Stored items from a collection
____

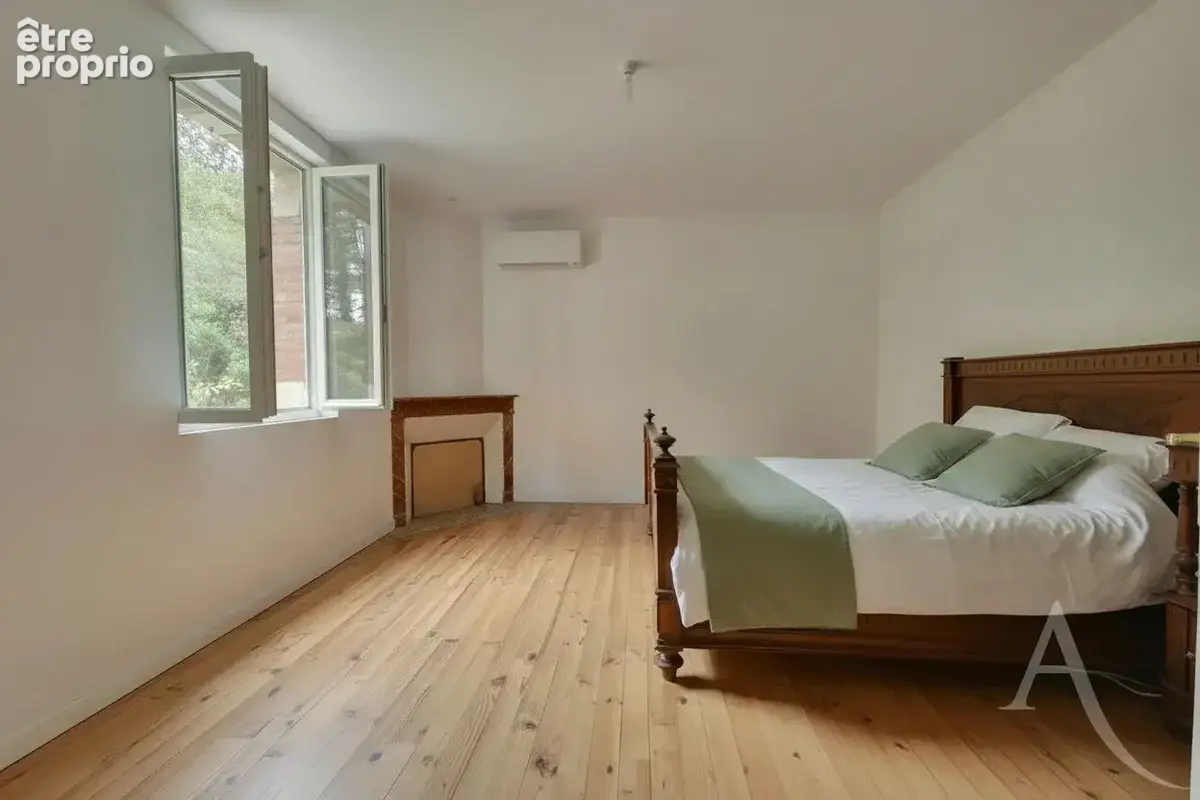 SOUSTONS-PLAGE -Maison de maître rénovée de 176 m² avec grange de 120 m² sur un airial - photo 4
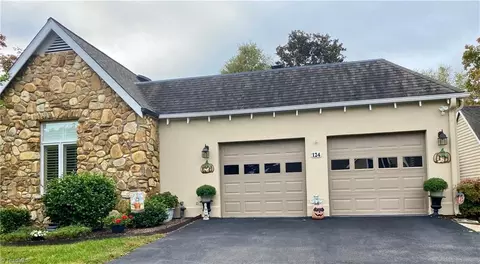 124 Laurel Pl, Bermuda Run, NC 27006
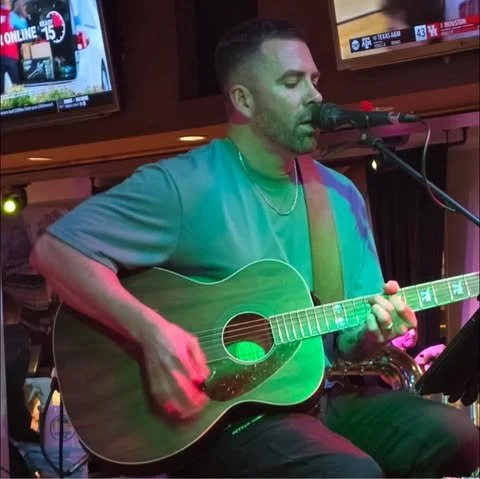  Joey B (Tiki Bar)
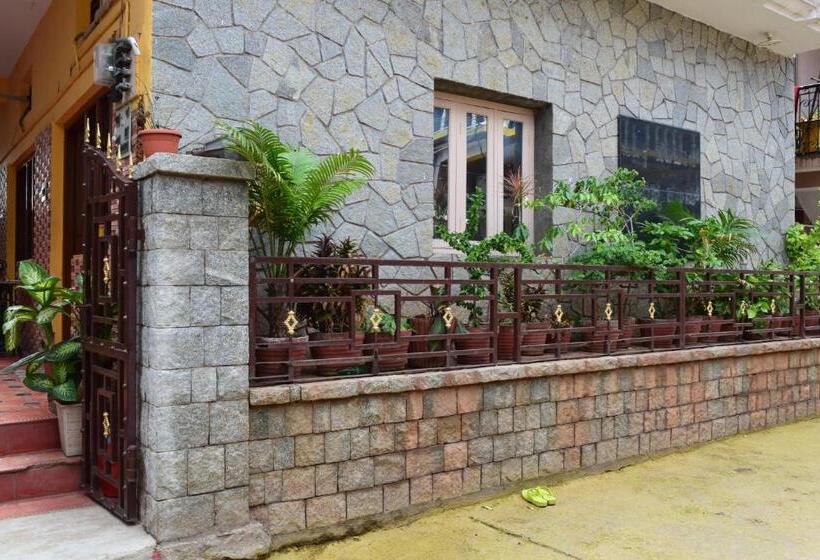 Bed and Breakfast Lakshmi Heritage Tourist Home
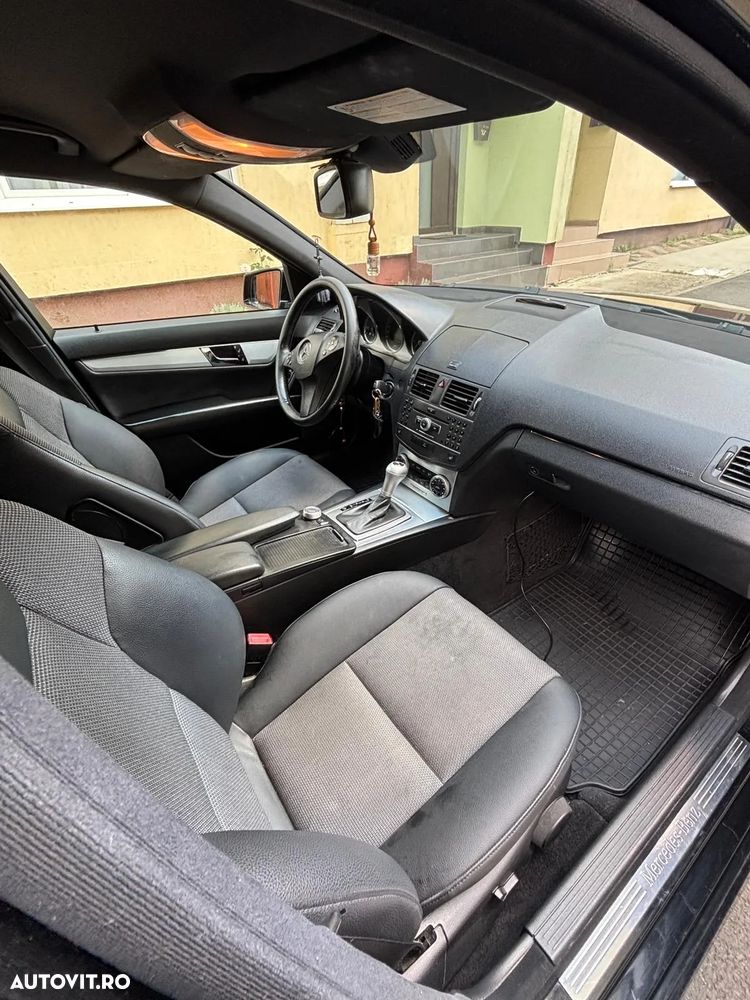 Mercedes-Benz C - 8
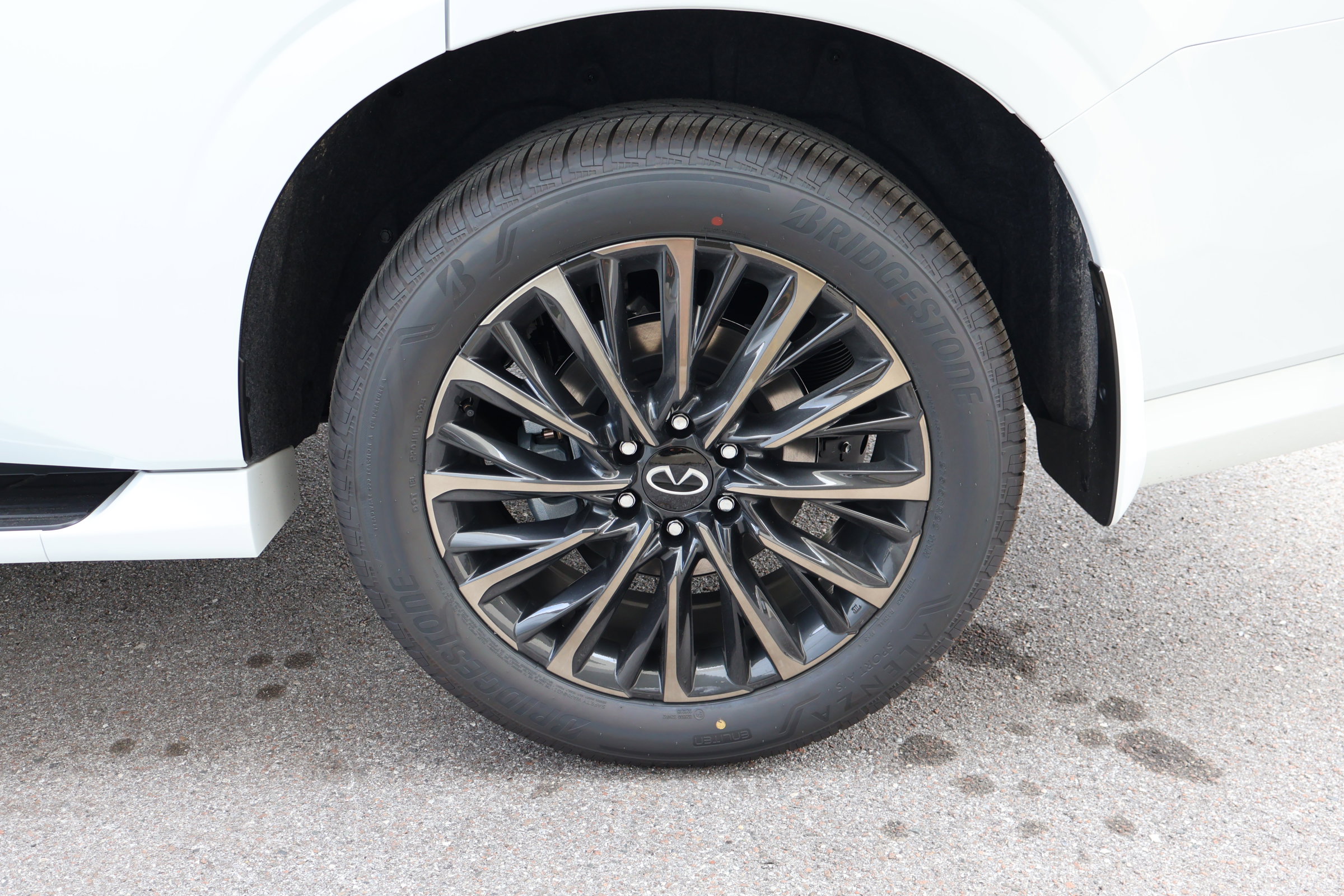 New 2026 INFINITI QX80 Autograph image 10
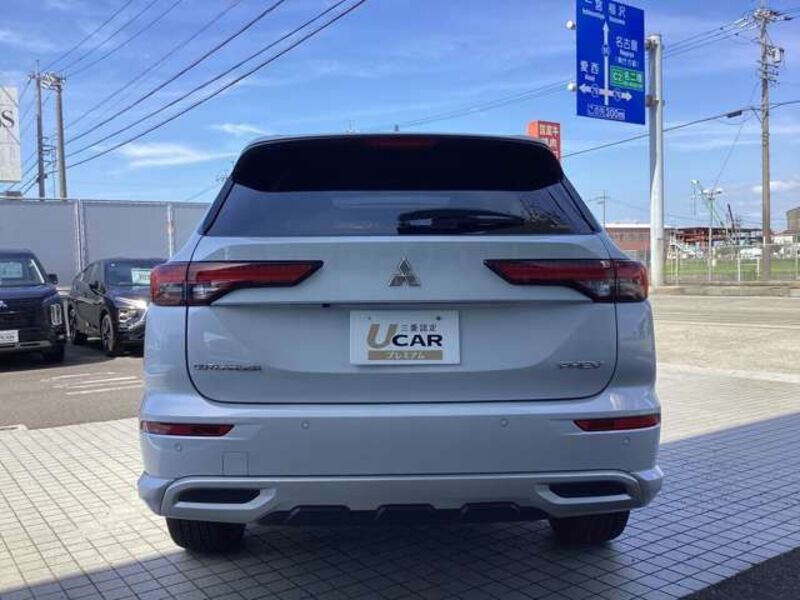 OUTLANDER PHEV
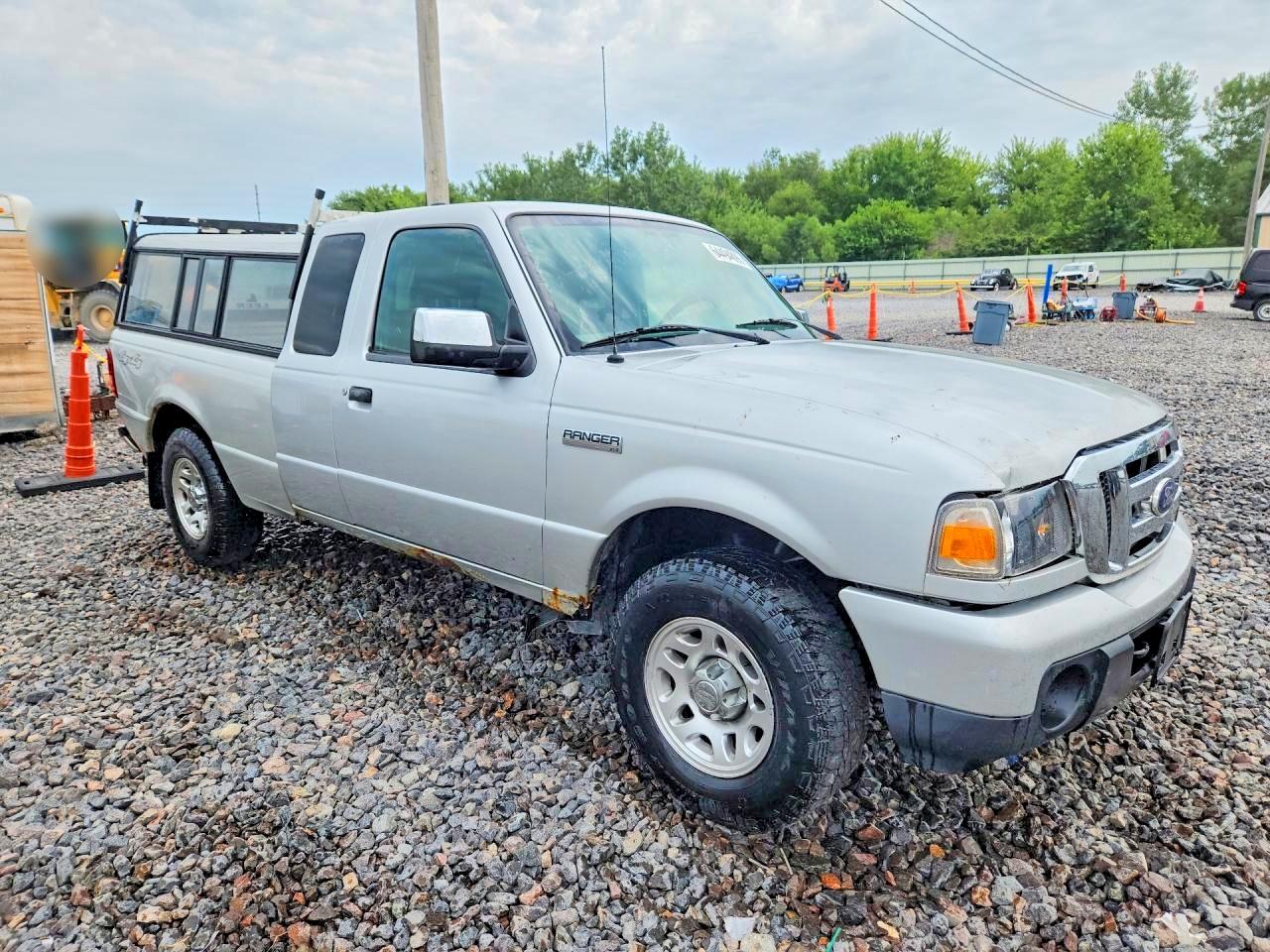 2011 Ford Ranger Super Cab Серебряный vin: 1FTLR4FE7BPA56296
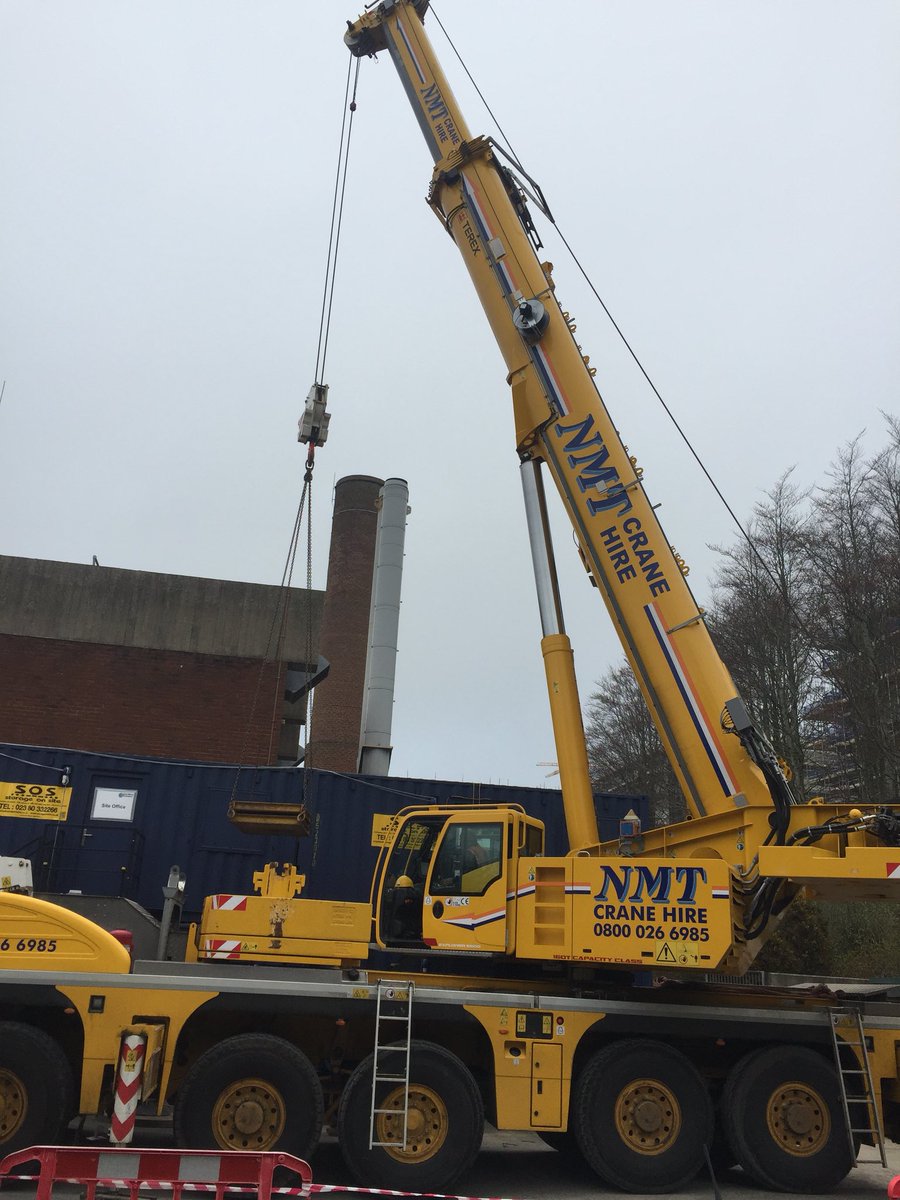 BInstallations's tweet photo. Setting up for the Flue removal down in Brighton this morning. #plantmovement #crane #contactB&R https://t.co/eb8zZGVtYH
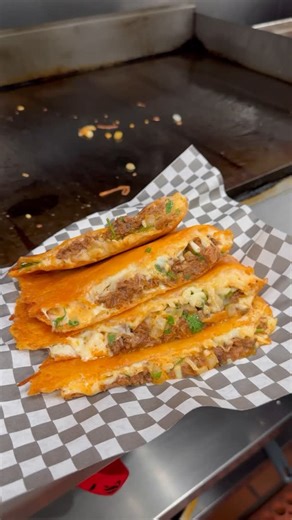 Birria Los Socios ® on Instagram: "CHEESE SHELL KETO QUESADILLA ‼️ Saturday‼️1716 Marengo St LA CA 90033 Sunday‼️ 450 N Azusa Ave West Covina Ca 91791 11am-5pm or SELLOUT GET OUR BIRRIA SAZON NOW TO MAKE YOUR BIRRIA AT HOME‼️birrialossocios.net ‼️ #california #birrialossocios #eastla #LA #losangeles #candy #Foodie #foodporn #lunch #birria #dinner #instafood #fyp #foodstagram #food #buzzfeed #buzzfeedfood #lovefood #eeeeeats #cheatmeal #buzzfeast #orangecounty #westcovina #covina #boylehts"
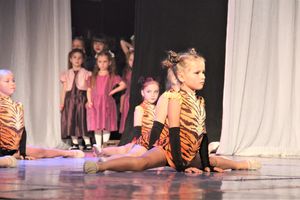 Юные артисты ГДК им. Ленина отметили «Мамин день» (ФОТО)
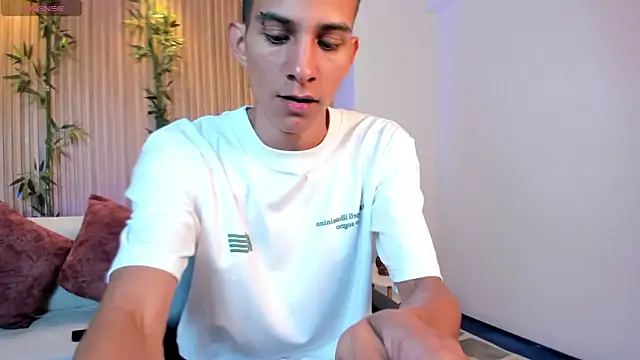 Aaron Scoot online show from 01/12/26, 12:43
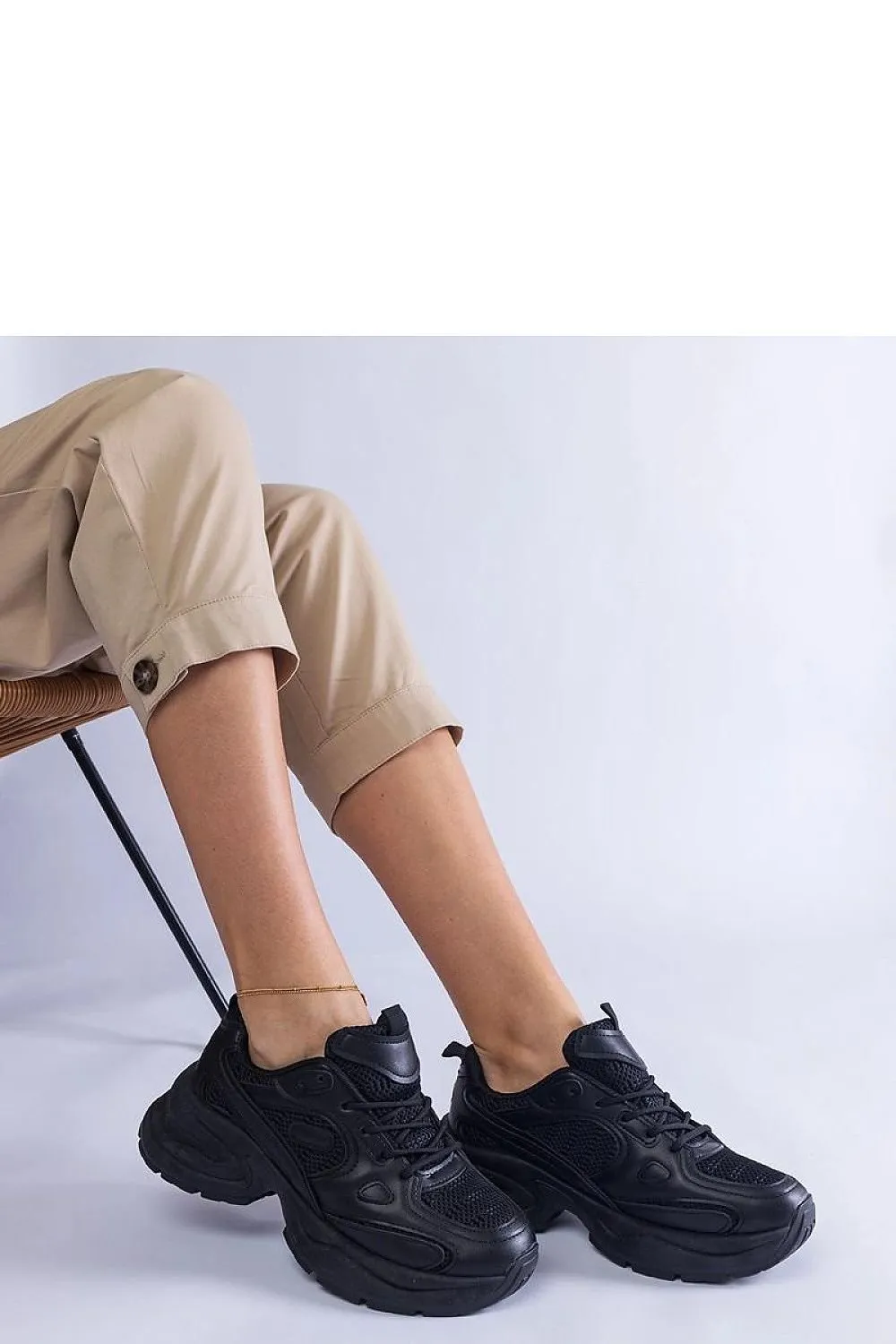 Sneakers model 207129 Solea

____

WHAT IS BEING ASKED: The reply should hold the entries above from the line with "OUTLANDER PHEV" to the line with "BInstallations's tweet photo.", duplicated exactly, pictures excluded.

RESPONSE:
 OUTLANDER PHEV
 2011 Ford Ranger Super Cab Серебряный vin: 1FTLR4FE7BPA56296
 BInstallations's tweet photo. Setting up for the Flue removal down in Brighton this morning. #plantmovement #crane #contactB&R https://t.co/eb8zZGVtYH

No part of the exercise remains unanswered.